Non, non. Je parlerai anglais. Ma femme est anglaise, mes enfants sont citoyens britanniques. Pour moi, la langue est un instrument – parfois un instrument de culture, parfois un instrument de politique.

Selon la loi, l’ukrainien est la seule langue officielle en Ukraine. C’est la raison pour laquelle je parle ukrainien lorsque j’organise des événements publics en Ukraine.

Parleriez-vous russe lors d’événements publics en Ukraine s’il en était autrement?

Non, je ne le ferais pas. La langue ukrainienne est la protection la plus évidente de l’identité ukrainienne et de l’indépendance ukrainienne. La Russie a réussi à forcer la Biélorussie à avoir deux langues officielles, le russe et le biélorusse. Que s’est-il passé? En Biélorussie, les personnes qui parlent le biélorusse dans la rue sont considérées comme des nationalistes extrêmes et font l’objet de moqueries.

Est-ce que cela libérerait la langue russe en Ukraine si l’invasion russe était stoppée?

Si l’on s’en tient aux posts sur Facebook, le russe est la langue de l’ennemi. Et ce, même si la moitié des soldats ukrainiens sur le front sont russophones. Mais la plupart des Ukrainiens russophones savent qui est responsable de la mauvaise réputation de leur langue. Poutine pousse l’Ukraine à perfectionner son identité ukrainienne plus rapidement que cela n’aurait été le cas autrement.

Les médias sociaux sont une sphère décisive. Même lorsque vous êtes ici, à Genève, vous publiez des informations sur l’évolution de la situation en Ukraine, par exemple sur les bombardements sur Kiev.

Mes enfants sont à Kiev, comme la plupart de mes amis. Je suis inquiet chaque nuit, car chaque nuit nous devons nous attendre à des bombardements et des explosions. Tout le pays vit ainsi, menacé par la Russie, en danger de mort.

Mais le monde entier le sait et voit comment les Russes tuent les civils ukrainiens et occupent leur territoire. J’espère que cela influencera également les décisions de la Suisse. On ne peut pas simplement témoigner d’un meurtre en silence.

Vous parlez de la position de la Suisse sur les exportations d’armes indirectes?

Sur les questions humanitaires, sur les armes, sur tout. J’espère aussi que la Suisse participera à la reconstruction de l’Ukraine et aidera le pays à devenir membre de l’Europe. La Suisse n’est pas membre de l’UE, mais c’est un pays important, notamment sur le plan financier.

En Suisse, certains hommes et femmes politiques de gauche demandent la confiscation des fonds russes.
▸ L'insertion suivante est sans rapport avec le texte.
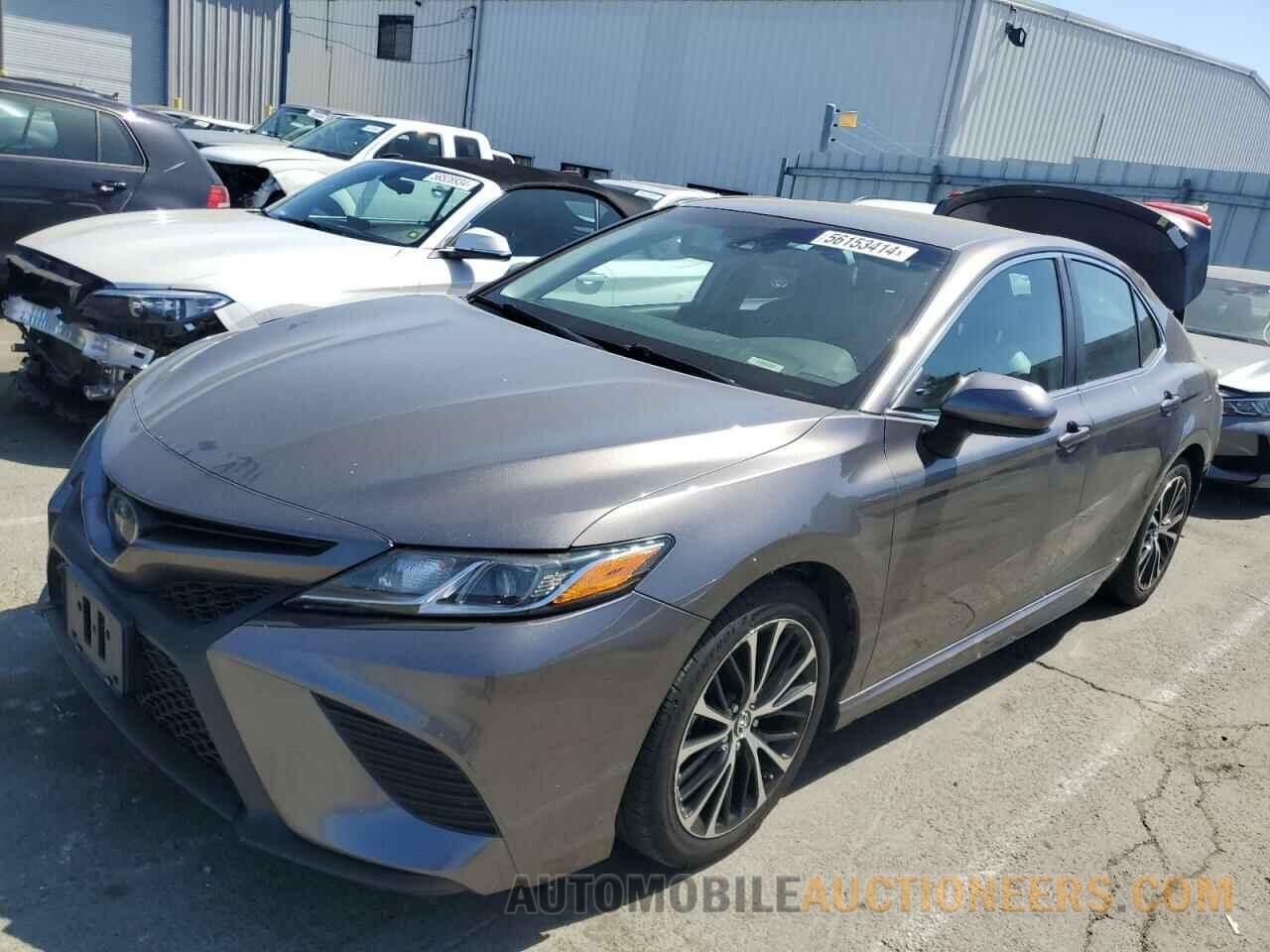 4T1B11HK3JU566399 TOYOTA CAMRY 2018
Je ne suis pas spécialiste. J’espère seulement que les banques suisses ne deviendront pas des plaques tournantes pour les fonds criminels russes utilisés pour corrompre les institutions européennes et les partis politiques d’extrême gauche et d’extrême droite, afin qu’ils représentent les intérêts de la Russie. Cela va devenir important. Mais je suis sûr que les autorités suisses sont au courant de ce qui se passe en Suisse.

Vous êtes connu pour votre vision critique de la politique ukrainienne. Dans «Journal d’une invasion», vous brossez également un portrait nuancé du président Zelensky.

Le président Zelensky bénéficie d’un grand soutien. Bien sûr, il est aussi beaucoup critiqué, entre autres par des intellectuels, car l’Ukraine est composée d’individus – et non de masses collectives comme la Russie. Plus de 400 partis politiques sont enregistrés en Ukraine. En Ukraine, on discute non-stop, on critique non-stop. Le prochain président, la prochaine présidente connaîtra la même chose. Le fait est que: Zelensky est le président d’un pays en guerre. Et il fait bien son travail.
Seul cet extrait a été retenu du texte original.